Keine Lösungen in Sicht

Eine breit akzeptierte Lösung für die Finanzierung von Sozialpolitik ist nach wie vor nicht in Sicht. Das lässt sich zwar teilweise auf die üblichen politischen Ausflüchte zurückführen, doch der Fokus auf den EU-Austritt hat jedes Fortkommen zum Stillstand gebracht.

"Nun blockiert der Brexit alles", sagt Emily Andrews. "Und ich habe keine Ahnung, wann Verhandlungen über die Fürsorgefinanzierung stattfinden könnten." Das System werde wohl auch in Zukunft erstmal nur durch weitere Geldspritzen am Laufen gehalten.

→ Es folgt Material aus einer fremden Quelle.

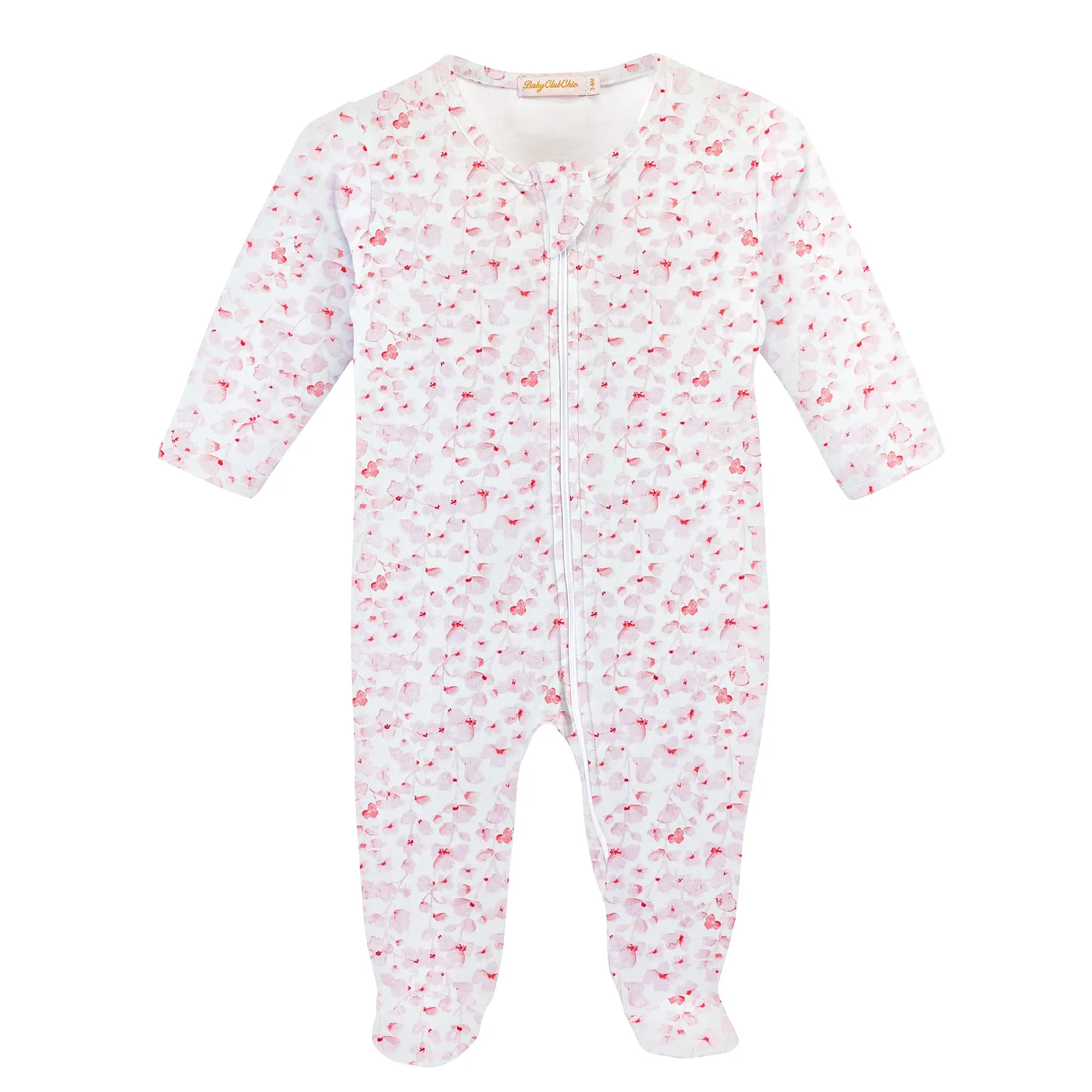 Baby Club Chic - Pink Begonias Zip Footie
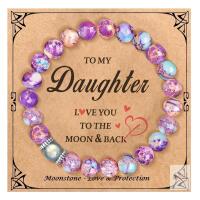 New To  My Daughter Bracelet from Mom & Dad &ndash; Natural Imperial Jasper & Moonstone Bracelet &ndash; Gifts for Daughter, Teen Girls, Back-to-School, Graduation, Birthday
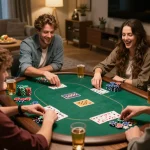 Friends enjoying a poker game at home, showcasing mb66 casino atmosphere with lively interactions and strategy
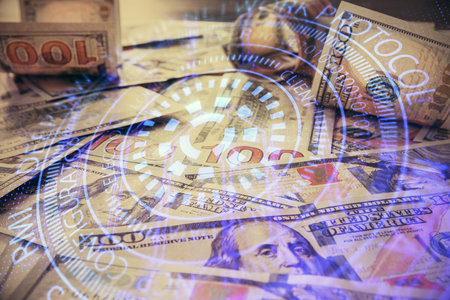 Double exposure of data theme drawing over us dollars bill background. Technology concept.の写真素材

Der Versuch der damaligen liberal-konservativen Regierung, staatliche Leistungen effizient und kostengünstig zu gestalten, war schon vor dem Brexit-Votum umstritten. Zwar legte die Koalition 2010 einen Plan vor, der tatsächlich zunächst Erfolge bescherte. Doch nun wird immer deutlicher, auf wessen Kosten das ging: "Sie haben das nicht erreicht, indem die Leistungen effizienter wurden. Die Regierung fror einfach die Gehälter im öffentlichen Sektor ein und kürzte sogar Löhne ", sagt Expertin Andrews. Außerdem sei die Zahl der Beschäftigten reduziert und Angestellte seien dazu verdonnert worden, mehr zu arbeiten.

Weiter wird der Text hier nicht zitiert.